Fish has always been popular in Malta, being an island where fish is relatively easy to come by in its surrounding waters. You’ll be able to find all sorts of local fish served fresh daily in local restaurants, but there are specific types of fish that are traditionally more popular among the Maltese.

The first is Lampuka, (a species of dolphin fish also referred to as Mahi-mahi), which is caught seasonally and available as fresh catch during the period of 15th of August (the start date of Lampuki (plural) fishing season in Malta, also a public holiday) through to the end of December. 

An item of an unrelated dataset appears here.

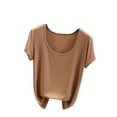 thumbnail image 2 of Womens Oversized Summer Solid Color Short Sleeved Round Neck Loose Top, 2 of 3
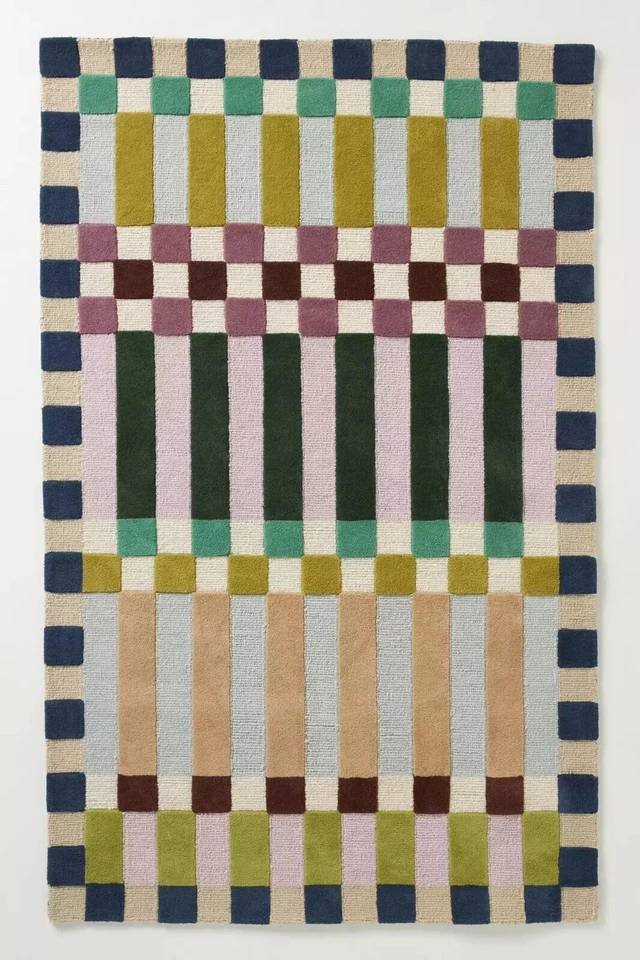 Anthropology Rug Hoxton Hand-Tufted Wool Rug Geometric Checkered 9x12, 8x10 all - Image 1 of 4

Although available as a fried fish, it’s pretty popularly served in pie form as well (Torta tal-Lampuki). Here is the recipe for this dish for you in both English and Maltese…

lampuki-pie-unravelmalta

INGREDIENTS (INGREDJENTI):

  • 1Kg lampuki (1 kilo lampuki)
  • 3 onions (3 basliet)
  • 400g tomatoes (400 gramma tadam)
  • 2kg boiled spinach (2 kilos spinaċi mgħolli)
  • 100g tomato paste (100 gramma kunserva)
  • 100g Chopped black olives (100 gramma żebbuġ iswed imqatta’)
  • 50g capers (50 gramma kappar)
  • Mint (minta)
  • Seasoning (bżar u melħ)
  • 500g puff pastry (500 gramma għaġina tat-torti)
  • Flour (dqiq)

METHOD (METODU):

  • Clean the fish, cut it into slices and roll in the seasoned flour. Naddaf il-ħut, qatta’ fi strixxi u iksi bid-dqiq imħallat mall-bżar u l-melħ.
  • Fry the fish in hot oil until golden brown, allow to cool and remove bones. Aqli l-ħut fiż-żejt jagħli sakemm jieħu l-kulur, ħallih jiksaħ u neħħi x-xewk.
  • Fry the chopped onions in same oil used to fry the fish, add tomatoes and simmer for around 15 mins on low heat. Qalli l-basal fl-istess żejt li qlejt il-ħut fih. Żid it-tadam u ħallih itektek għal madwar kwarta fuq nar baxx.
  • Add all the remaining ingredients and cook over low heat for another 30 minutes. Żid l-ingredjenti li baqa’ u sajjar fuq nar baxx għal madwar 30 minuta.
  • Add the fish to the mixture and mix well. Żid il-ħut mat-taħlita u ħawwad sew. 
  • Line a greased baking dish with the pastry and fill in with mixture, covering the top once filled. Dellek id-dixx li se tuża’ bi ftit butir, iftah l-għaġina u iksi d-dixx. Wara itfa’ l-mili u agħtti kollox bl-għaġina li jkun fadal. 
  • Pierce the top with a fork and bake until golden brown. Taqqab b’furketta l-wiċċ tal-għaġina u aħmi sakemm l-għaġina ssir u tieħu l-kulur.